An RQ-4 Global Hawk Unmanned Aerial Vehicle
Drones themselves do not pose a threat to international lawImage: AP

Even if militants return to Pakistan, a nation with which the US is not at war, after conducting attacks in Afghanistan, it's up to Pakistan - not the US or NATO troops in Afghanistan - to root out militants using its territory as a safe haven, O'Connell said.

"You can carry out countermeasures; you can certainly beef up your strength and defenses on your side of the border, but you don't get to send your own military on another sovereign state's territory because of that kind of lawlessness," she said, adding that similar cases had been heard on this issue both with US agents in Nicaragua and the conflict between Congo and Uganda.

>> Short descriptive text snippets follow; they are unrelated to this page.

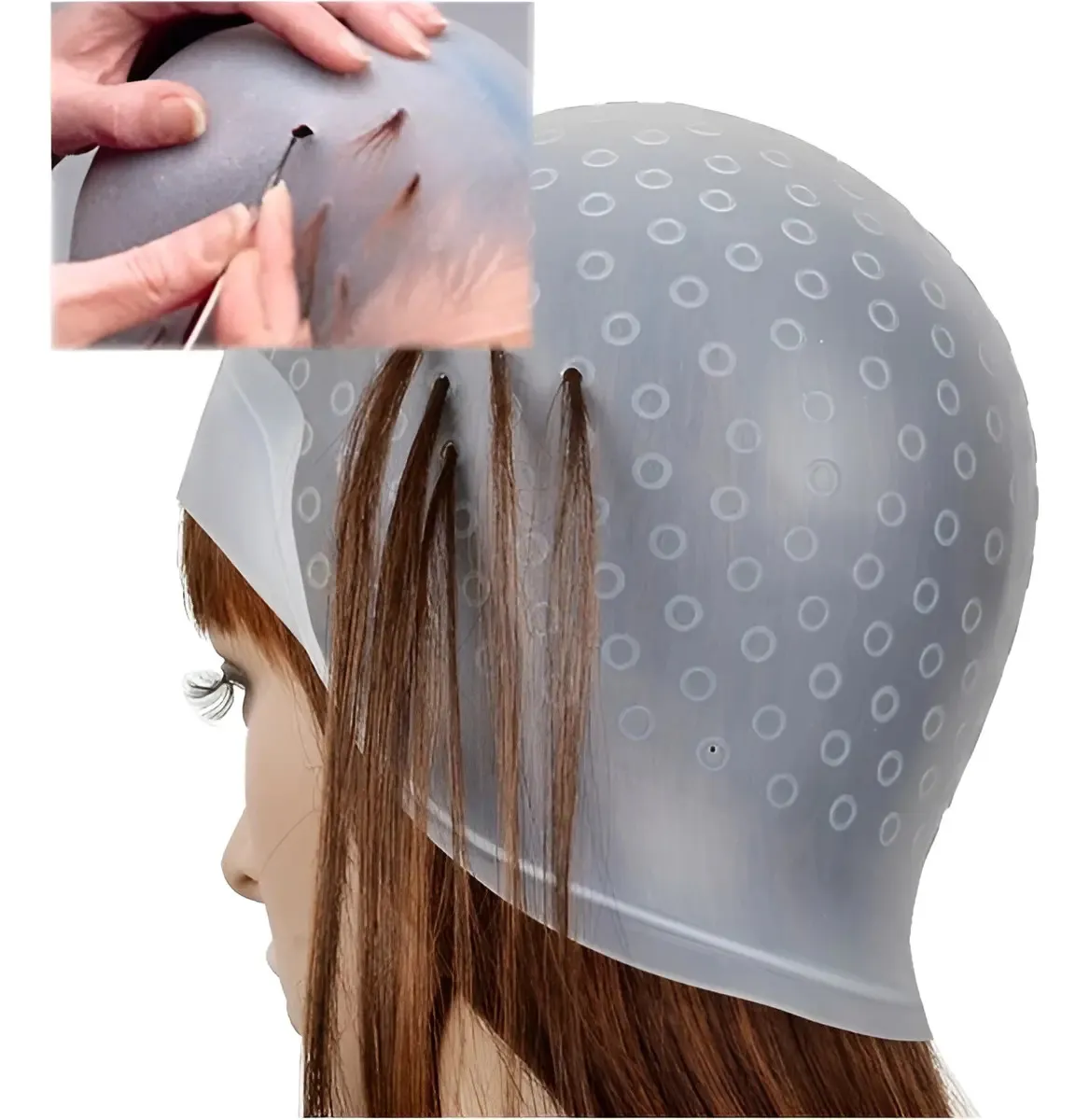 Gorra Siliconada Mechas Peluqueria Barberia Transparente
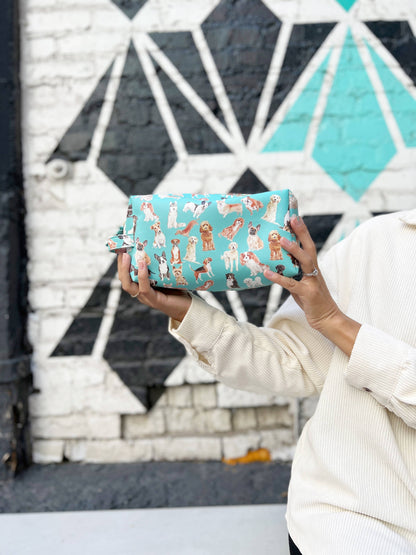 Dog gift bag, loaf, cute pouch | doodle, golden, frenchie: Flat Pouch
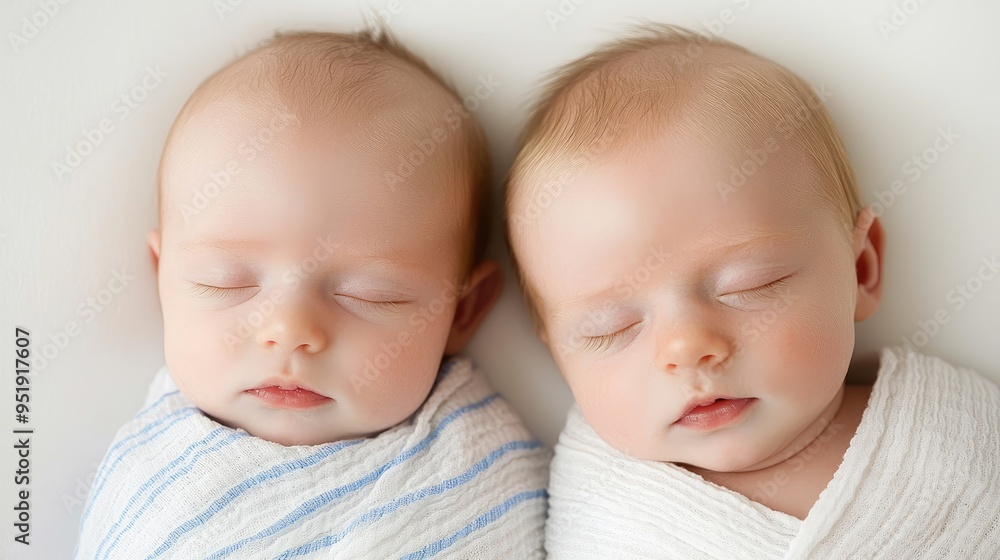 Sleeping newborn twins swaddled in white blankets, peaceful portrait. Sleeping newborn twins swaddled in white blankets, peaceful portrait.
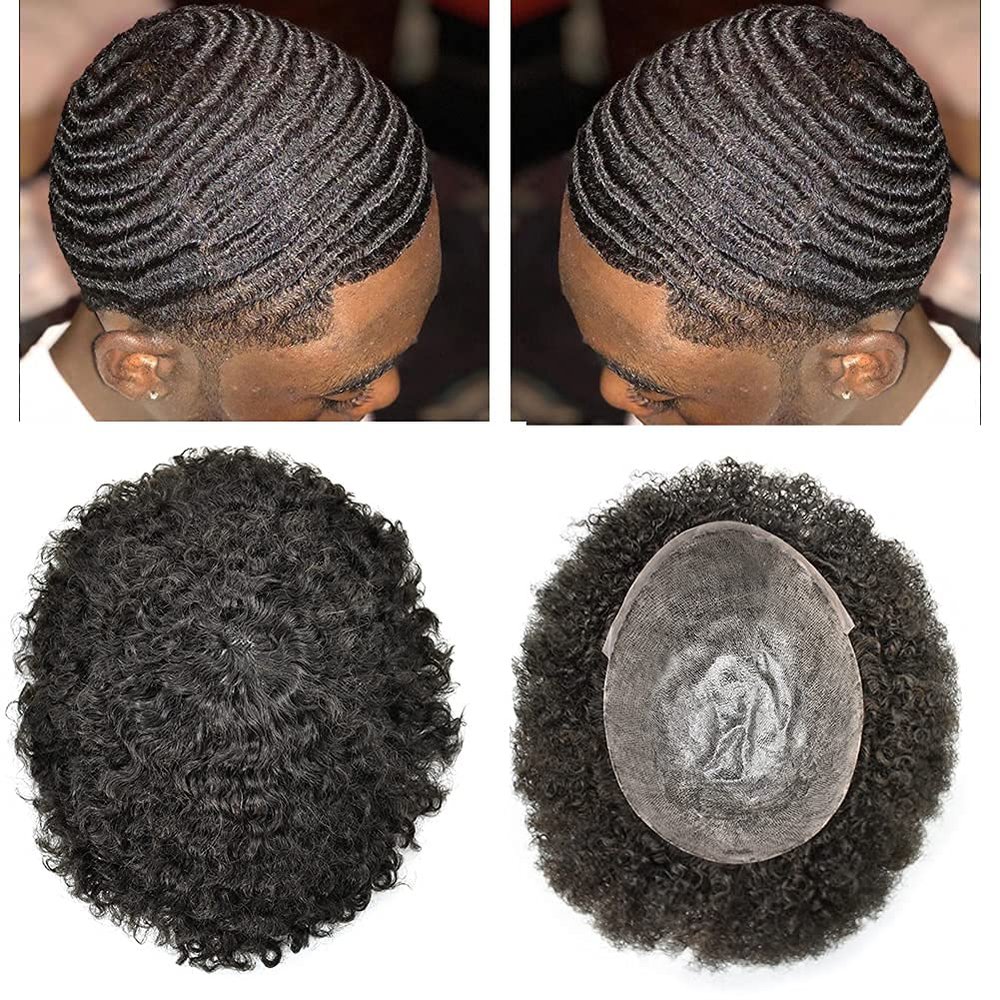 Afro curly toupee for black men 10x8 african american human hair systems replacements all injected pu skin poly kinky curly mens hairpiece wig(8"x 10", 1B# Natural Black/Off Black-10MM Afro Wave Curl)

There are times when the use of force under international law comes under scrutiny, such as the NATO bombing campaign in Kosovo in 1999, which prompted discussion about the use of force and humanitarian intervention. But Ainley said drone use is not an issue where she sees international law needing an update as there is no legal requirement that a human be close to where weapons are fired.

"What is challenging international law is how we define what the battlefield of a war is," she said.